Oil settled higher on Wednesday, recovering from multi-month lows, after US government data showed a surprisingly large crude stockpile draw that signalled the market may have been wrong in predicting slumping demand for energy. Crude futures lost more than $10 a barrel over the past month on fear that peak summer demand for gasoline in the United States was not enough to offset a growing global glut in oil supply. A resurgent dollar weighing on commodities and a stock market tumble in No 1 energy consumer China contributed to the decline.
However, data from the US Energy Information Administration showing a 4.2-million-barrel draw in crude stockpiles last week, more than twenty times analysts' expectations for a decrease of 184,000 barrels, indicated demand for energy may have been stronger than some thought. The draw diverged sharply from the prior week's inventory build, which had taken stockpiles to above a five-year seasonal average.
-- Crude futures rise over $1 a barrel before consolidating
The EIA also reported that US gasoline demand was up 6.2 percent from the year-ago period, averaging 9.51 million barrels per day over the past four weeks. "Although just one data point, the latest weekly data may have been enough to provide some support in the face of major headwinds for oil prices," said Chris Jarvis, analyst at Caprock Risk Management in Frederick, Maryland.

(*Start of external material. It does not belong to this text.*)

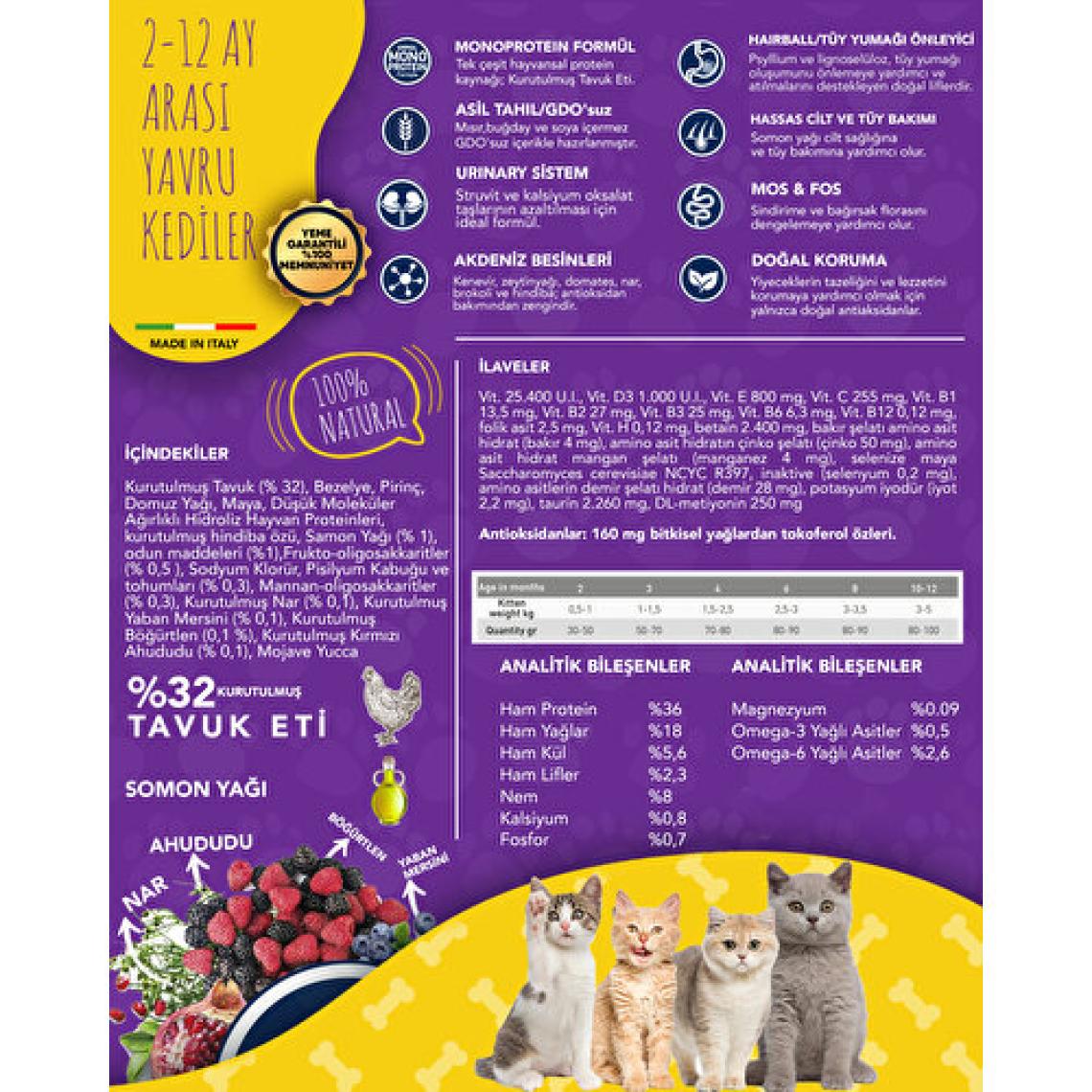 Exclusion Düşük Tahıllı Monoprotein Kitten Tavuklu 1.5 kg Yavru Kedi Maması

Brent and US crude futures jumped more than $1 each on the EIA data, before closing off their highs due to a stronger dollar. The US currency gained in later afternoon trading on speculation that the Federal Reserve was on track to hike interest rates by September. Brent settled up 8 cents, or 0.2 percent, at $53.38 a barrel, after a session high at $54.33.
US crude finished up 81 cents, or 1.7 percent, at $48.79. Its intraday peak was $49.52. Despite the surprisingly strong crude and gasoline drawdown cited by the EIA, the price rebound on Wednesday paled to the selloff in oil seen earlier in the week. On Tuesday, Brent traded at an early February low of $52.28 while US crude fell to $46.68, its lowest since March.
"It's all a matter of expectations," said David Thompson, executive vice-president at Powerhouse, an energy-specialised commodities broker in Washington. "Given the vast majority of bearish pronouncements on crude over the past few weeks, any sort of draw was likely to elicit a response like this." A mounting global surplus of oil has stripped about 8 percent off crude futures so far this year. Notwithstanding the weekly US stock draw, the build in global inventory is showing few signs of reversing, analysts say.
A Reuters survey on Tuesday showed members of the Organisation of the Petroleum Exporting Countries produced around 3 million bpd of oil more than daily demand in the second quarter. Mike Tran, commodities specialist at RBC Capital Markets, said US crude could average in the low $50 range through the balance of the year. "This remains a supply-driven market. Supply drove us into this low price environment and supply will have to be what ultimately digs us out," he said.